Resurrection is a funny thing. Short of being something that can only happen within a very short time of heart stoppage, we tend to think of resurrection as being strictly metaphorical.
Yesterday, billions of people all over the world celebrated the resurrection of Jesus, a mythology which puts it's weight completely on the coming back.
There are lots of mythologies out there that have magical or miraculous parts.
But this one is designed to get us to not worry about right now, and instead place our hopes on the after life, where we shall, one day, be resurrected like Jesus.
I have no taste for the torture and death of who I still believe was a great man with a hugely important message.
I have even less taste for celebrating an internal mindset that values something after death as more important than the right now.
Experts in theology often have to skirt the issue of the miraculous. They have to trump it up as the power of God or claim that we just don't know, but we'd better believe anyway, just to be sure.

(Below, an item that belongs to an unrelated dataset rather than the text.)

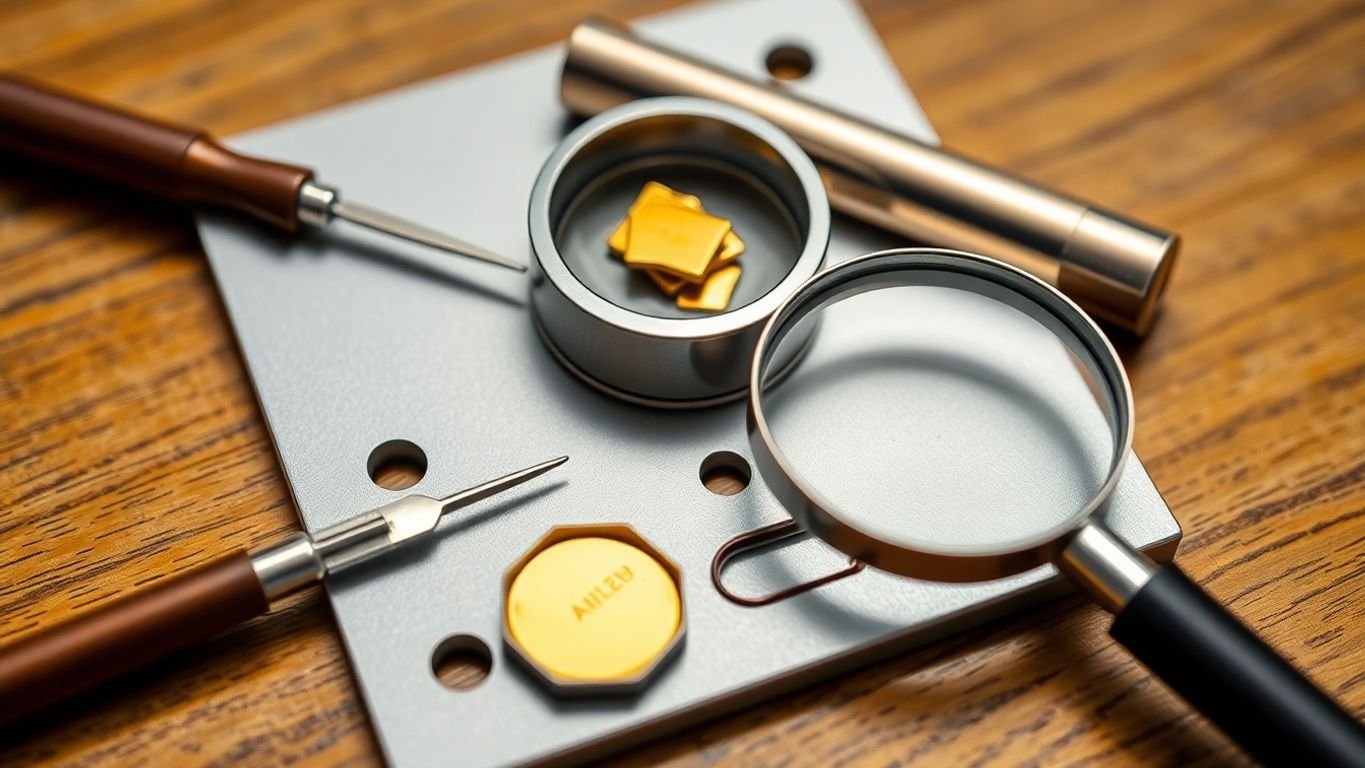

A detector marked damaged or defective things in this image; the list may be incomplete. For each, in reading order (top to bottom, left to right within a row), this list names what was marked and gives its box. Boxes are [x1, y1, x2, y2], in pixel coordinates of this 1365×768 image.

bent wire loop [709, 521, 868, 611]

In both cases, there is just one problem: it accomplishes nothing.
It's fine to celebrate the man, a thing we should do every day. But to give ourselves over to believing in nonsense which poisons our ability to live and be awake in the here-and-now, is really a frightening prospect.
Follow the teachings of the man, but eschew the fantastical things in the stories.
Focus more on how to emulate his story to fit today. Focus less on the afterlife.
Today is the day. That's the real miracle.